Retype the whole listing that follows, with nothing added or left out.

PROVIDED MATERIAL:
********************
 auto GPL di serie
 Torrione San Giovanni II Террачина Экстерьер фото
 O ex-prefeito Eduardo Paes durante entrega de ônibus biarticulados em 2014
********************
RESULT OF THE EXERCISE:
 auto GPL di serie
 Torrione San Giovanni II Террачина Экстерьер фото
 O ex-prefeito Eduardo Paes durante entrega de ônibus biarticulados em 2014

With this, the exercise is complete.